On One’s Attraction to Beautiful Models and Minds
(A Very Short Critique of Mainstream Economics)
The fact that our resources (things, money, time) are limited forces us to make choices, often very quickly. We have free will for sure, but we also display ‘bounded rationality’, meaning that our capability to think of reasons for and against doing something depends on the circumstances in which we find ourselves.1 We are ‘affected by social influences’, we ‘misjudge risk’ and ‘have a tendency to short-termism’, and ‘our personality, mood, and emotions drive our choices and decisions’.2
This is quite a radical departure from the ‘rational agent’ posited by the mainstream economics I was taught at the University of California in Davis, by Steven Sheffrin in particular.3 It made (still makes) it hard for me to hold on to traditional consumer models that put maximizing utility at their core.4
‘But it’s only a metaphor’ would be the retort of Steven Buccola, who also attended agricultural economics classes at UC Davis.5 For him, utility is the intuition behind consumer decisions and optimization the analogy to judgment and choice. After urging us to distinguish Hume’s empirical intuition from Kant’s pure intuition, he writes: ‘The decision maker’s a priori pure intuition then – the capacity to synthesize intuitive sense with abstract thought, empirical intuition with concepts, creating an order or pattern – is what I argue utility represents in mainstream economics. […] The synthetic a priori of Immanuel Kant constitutes the center of economic logic and reason’.6
According to Geoffrey Warnock (discussing Kant with Bryan Magee): ‘Kant put forward the claim that, if one thought carefully enough and argued long enough, one could specify what he called the Form of any possible experience […] a body of doctrine […]. I think the fundamental principle of his argument here is that any possible world of experience, any world about which objective statements can be made and (sometimes) known to be true, must necessarily be in certain respects orderly, and predictable’.7
There is something ‘Newtonian’ in Buccola’s grand quest for order and predictability, as he seemingly wants to apply mathematics (and logic) to the entire world of economic experience.8
If he just means that the role of mainstream economics is to offer us templates for ‘what might be if…’, and its main interest lies in showing how far (and maybe why) what we observe on the ground departs from these schemas, then that’s fine with me. (Most wine markets, for instance, appear to be in a permanent state of disequilibrium.)

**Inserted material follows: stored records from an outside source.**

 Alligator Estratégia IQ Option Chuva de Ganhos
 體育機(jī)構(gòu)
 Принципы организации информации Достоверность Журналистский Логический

If not, then his panegyric on the ‘utility’ of mainstream economics fails to convince me. Metaphors may be indispensable to the way scientists think but they have their shelf life and holding too tightly to them can stymie your creativity.9 As Gillian Tett puts it: ‘the neoliberal [i.e. mainstream] economic model was fostered by extreme tunnel vision […]. Anthropologists have been howling for decades that economics is embedded in social relationships and you can’t look at it just in terms of numbers’.10 I wouldn’t go as far as ditching the whole mainstream doctrine, as suggested by Peter Earl, an ‘old’ behavioural economist who argues that even tweaking the neoclassical model to accommodate bounded rationality (as many of his ‘new’ colleagues do) is methodologically flawed: either consumers are deemed to be rational or they aren’t.11
My issue with mainstream economics is abiding and quite specific: there was (still is) no room for product differentiation and related phenomena like ‘appellation/brand loyalty’ and ‘two-way trade’ that are so critical to understanding how wine markets operate. The reason is that one assumes that consumers choose amongst bundles of goods rather than amongst bundles of their attributes (characteristics).12
In the mid-1960s Kelvin Lancaster developed a theory stipulating that consumers ‘regard a product as having multiple characteristics and […] weigh the various combinations of characteristics contained in different [products] in reaching their decisions’.13 In his model consumers (who have different tastes) still maximize their utility, though not via the purchase of the goods themselves but through the acquisition of their various characteristics (attributes), from which they derive benefits.14 That approach to consumer demand was much more akin to what happened in marketing (i.e. quite realistic) but, because it was more difficult to work with mathematically, it was never really taken up by mainstream economists.15
So I’ve adopted a gradually more satisficing,16 Humean approach over time, that blends economic analysis with elements of marketing, psychology and, now, neuroscience. The first economic book ever handed to me whilst still at high school was, after all, a translation of The Mass Consumption Society by George Katona, the precursor of behavioural economics.
May 15th, 2025

References
Baddeley, Michelle (2017) Behavioural Economics – A Very Short Introduction. Oxford: Oxford University Press.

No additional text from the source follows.